Answer: ${\displaystyle \frac{4}{3}}$

Explanation:

Find the intersection points:
$x^2=2x⟹x^2-2x=0⟹x(x-2)=0⟹x=0,2$.

Test a point in the interval $(0,2)$, such as $x=1$:
$2(1)>1^2⟹2>1$, so the line $y=2x$ is above the parabola $y=x^2$.

Set up and evaluate the integral:
$A={\displaystyle {\int }_0^2(2x-x^2)dx}$
$A={[x^2-\frac{x^3}{3}]}_0^2$
$A=(4-\frac{8}{3})-0$
$A=\frac{12}{3}-\frac{8}{3}=\frac{4}{3}$.

Answer: ${\displaystyle \frac{125}{6}}$

Explanation:

Find the intersection points:
$x^2-4=x+2$
$x^2-x-6=0$
$(x-3)(x+2)=0⟹x=-2,3$.

Within the interval $(-2,3)$, the line $y=x+2$ lies above the parabola $y=x^2-4$.

Set up the integral:
$A={\displaystyle {\int }_{-2}^3[(x+2)-(x^2-4)]dx}$
$A={\displaystyle {\int }_{-2}^3(-x^2+x+6)dx}$

Evaluate:
$A={[-\frac{x^3}{3}+\frac{x^2}{2}+6x]}_{-2}^3$
Upper limit ($x=3$): $-\frac{27}{3}+\frac{9}{2}+18=-9+4.5+18=13.5$
Lower limit ($x=-2$): $-\frac{-8}{3}+\frac{4}{2}-12=\frac{8}{3}+2-12=\frac{8}{3}-10=-\frac{22}{3}$

$A=13.5-(-\frac{22}{3})=\frac{27}{2}+\frac{22}{3}=\frac{81}{6}+\frac{44}{6}=\frac{125}{6}$.

Answer: ${\displaystyle \frac{32}{3}}$

Explanation:

Find the intersection points:
$x^2=4⟹x=\pm 2$.

The line $y=4$ is above the parabola $y=x^2$ on the interval $(-2,2)$. Because both functions are even (symmetric about the y-axis), we can evaluate from 0 to 2 and double the result:

$A={\displaystyle {\int }_{-2}^2(4-x^2)dx}$
$A=2{\displaystyle {\int }_0^2(4-x^2)dx}$
$A=2{[4x-\frac{x^3}{3}]}_0^2$
$A=2(8-\frac{8}{3})$
$A=2(\frac{24}{3}-\frac{8}{3})=2\left(\frac{16}{3}\right)=\frac{32}{3}$.

Answer: B) $\sqrt{2}-1$.

Explanation:

On the interval from $0$ to $\pi /4$, the cosine curve starts at 1 and drops, while the sine curve starts at 0 and rises. Therefore, $\cos x\ge \sin x$ throughout this interval.

Set up the integral with the upper curve minus the lower curve:
$A={\displaystyle {\int }_0^{\pi /4}(\cos x-\sin x)dx}$

Evaluate:
$A=[\sin x+\cos x{]}_0^{\pi /4}$
$A=(\sin \frac{\pi }{4}+\cos \frac{\pi }{4})-(\sin 0+\cos 0)$
$A=(\frac{1}{\sqrt{2}}+\frac{1}{\sqrt{2}})-(0+1)$
$A=\frac{2}{\sqrt{2}}-1=\sqrt{2}-1$.

Answer: 1

Explanation:

Find the intersection points:
$|x|=1⟹x=\pm 1$.

The line $y=1$ is a horizontal cap above the V-shaped curve $y=|x|$ over the interval $(-1,1)$. Because both functions are symmetric about the y-axis, we can integrate from 0 to 1 and double the result.

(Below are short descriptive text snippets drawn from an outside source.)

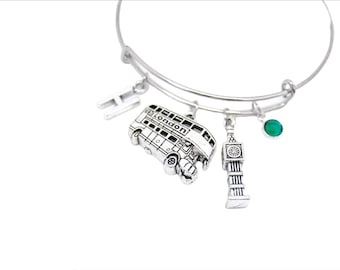 London Charm Bangle London Charm Bracelet England Charm Bracelet Big Ben Charm Double Decker Bus Britain themed bracelet UK London jewelry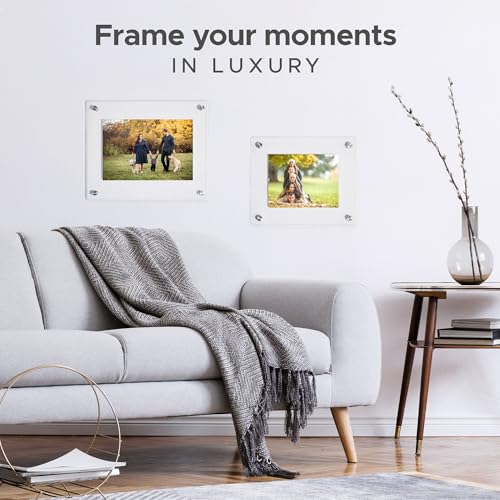 Rebecca Luxurious-7x9 Frameless Acrylic Picture Frame 7x9 Inch - Ultra Clear 4mm Acrylic Floating Frame with Silver Brackets - Easy Wall Installation for Certificates, Graduation, Family Photos, Documents - Modern Photo Display - size: 7x9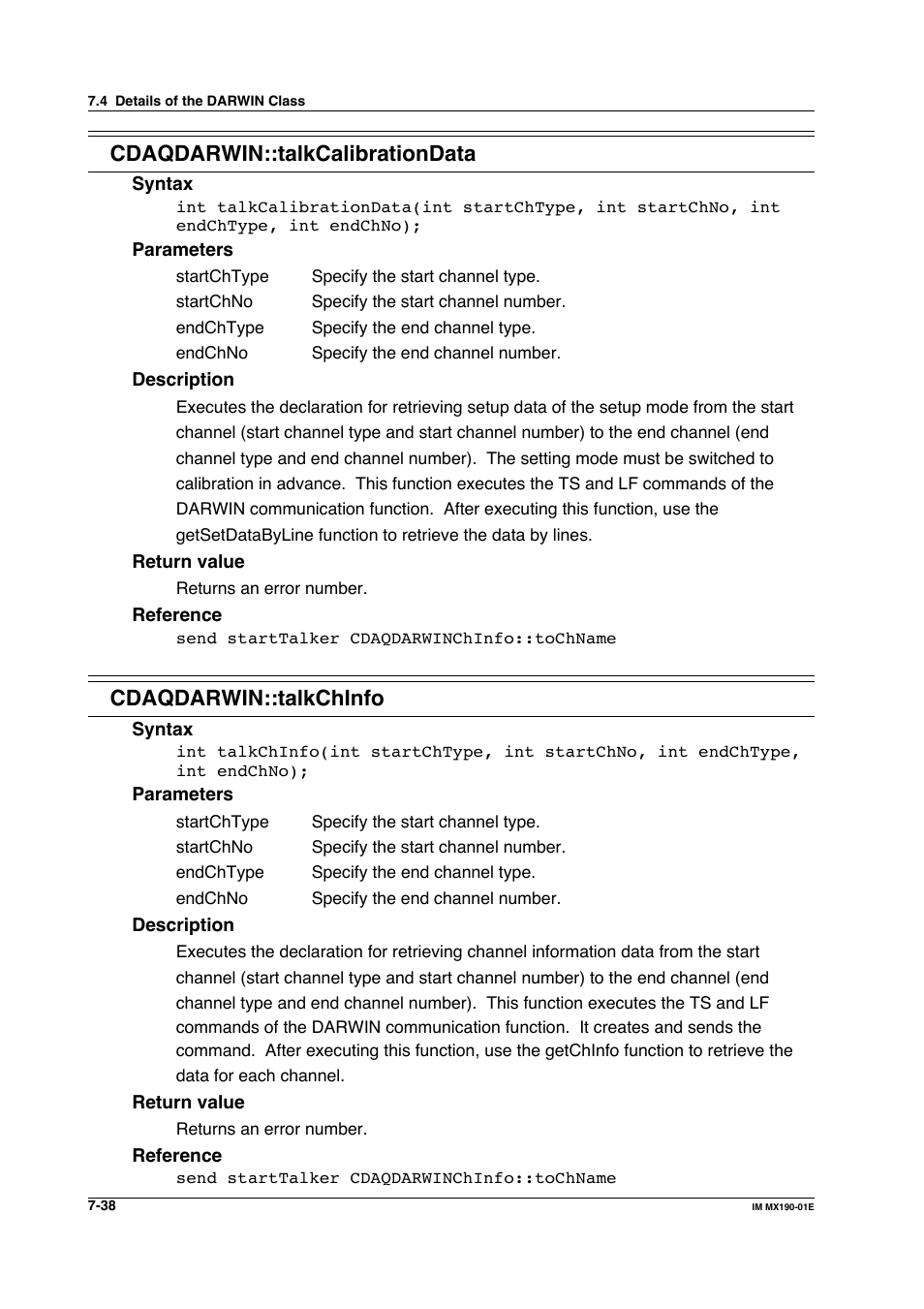 Cdaqdarwin::talkcalibrationdata, Cdaqdarwin::talkchinfo | Yokogawa PC-Based MX100 User Manual | Page 436 / 1264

For $x>0$, $|x|=x$.

$A={\displaystyle {\int }_{-1}^1(1-|x|)dx}$
$A=2{\displaystyle {\int }_0^1(1-x)dx}$
$A=2{[x-\frac{x^2}{2}]}_0^1$
$A=2(1-\frac{1}{2})=2\left(\frac{1}{2}\right)=1$.

(Geometrically, this forms a triangle with a base of 2 (from $x=-1$ to $x=1$) and a height of 1. Area = $\frac{1}{2}\times \text{base}\times \text{height}=\frac{1}{2}\times 2\times 1=1$.)